* WORK ORDER: Nothing in the data should change when you return it, but leave the pictures out.

* GIVEN RECORDS:

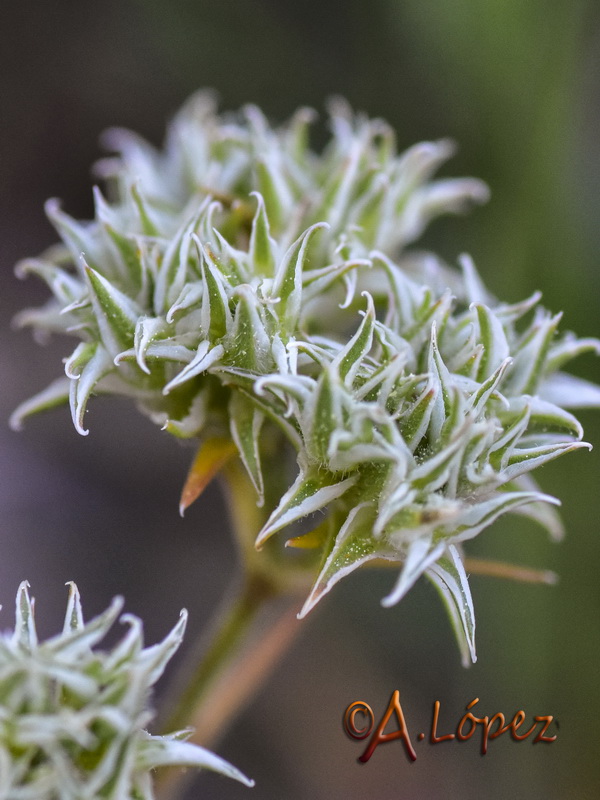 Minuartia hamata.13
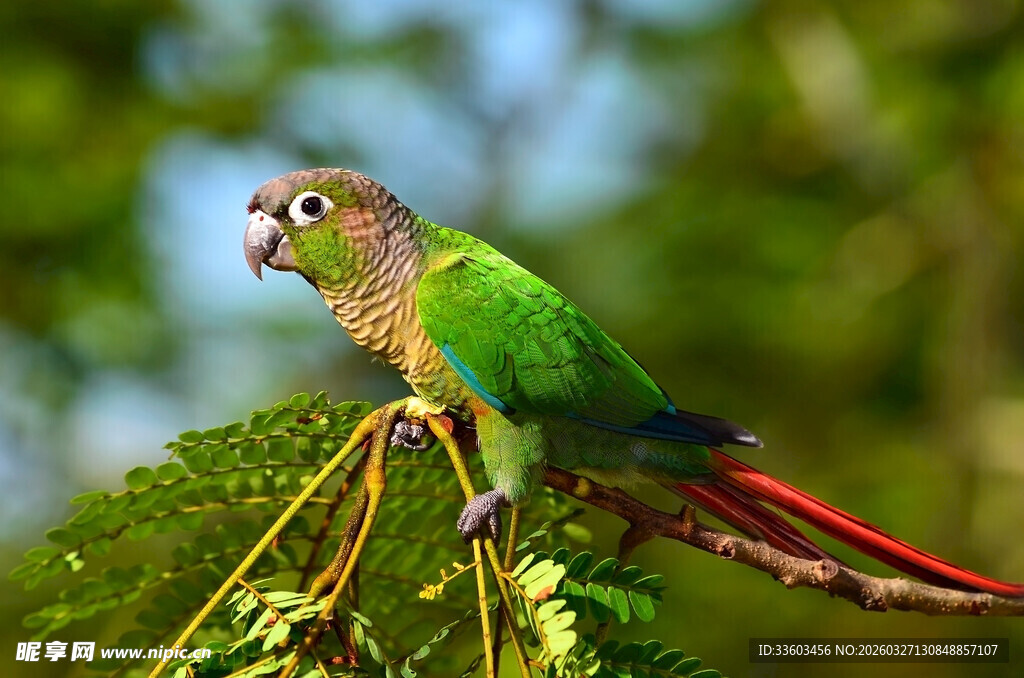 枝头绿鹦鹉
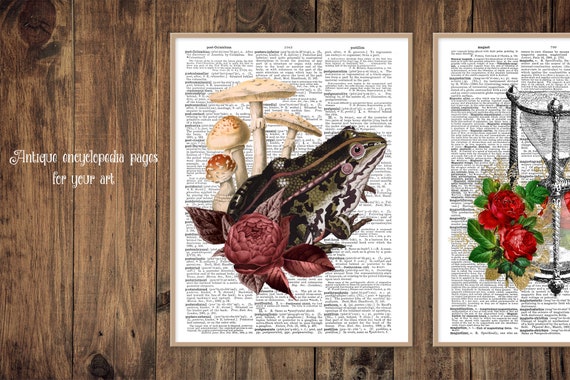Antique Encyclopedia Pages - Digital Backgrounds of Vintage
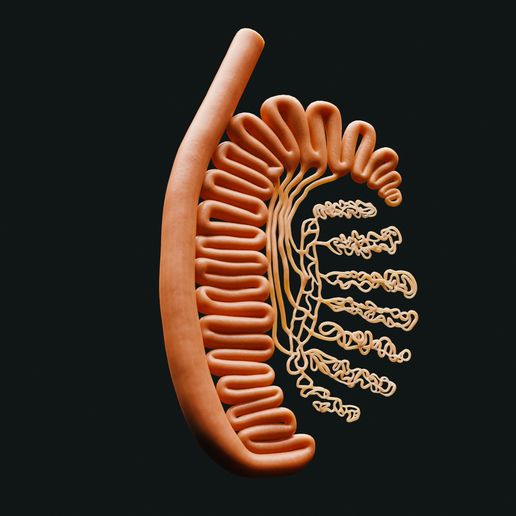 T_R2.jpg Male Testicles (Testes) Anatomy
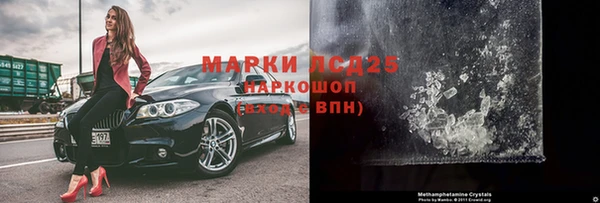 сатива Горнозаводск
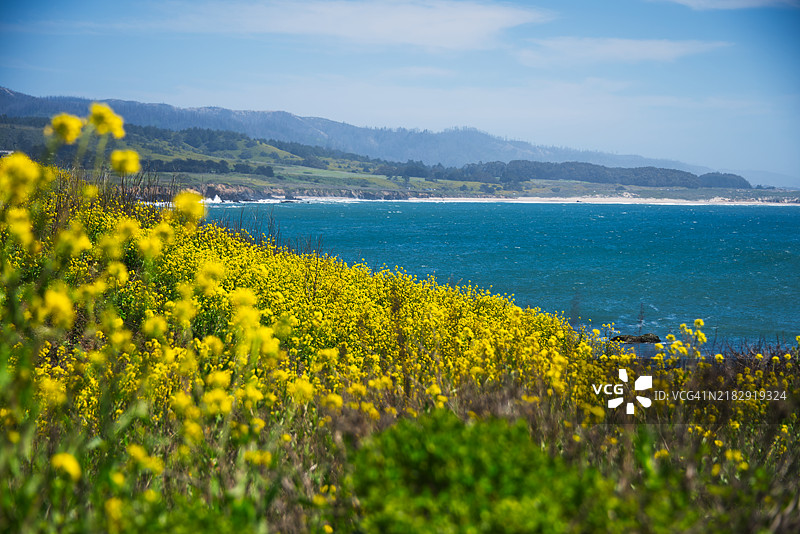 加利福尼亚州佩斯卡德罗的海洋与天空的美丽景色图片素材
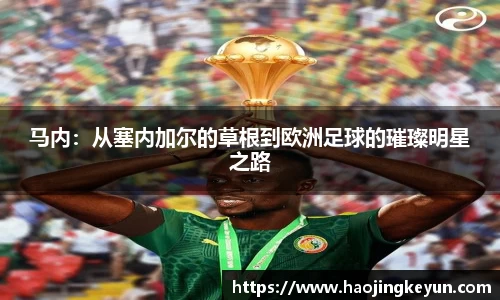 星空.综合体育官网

* SOLVED EXERCISE:
 Minuartia hamata.13
 枝头绿鹦鹉
Antique Encyclopedia Pages - Digital Backgrounds of Vintage
 T_R2.jpg Male Testicles (Testes) Anatomy
 сатива Горнозаводск
 加利福尼亚州佩斯卡德罗的海洋与天空的美丽景色图片素材
 星空.综合体育官网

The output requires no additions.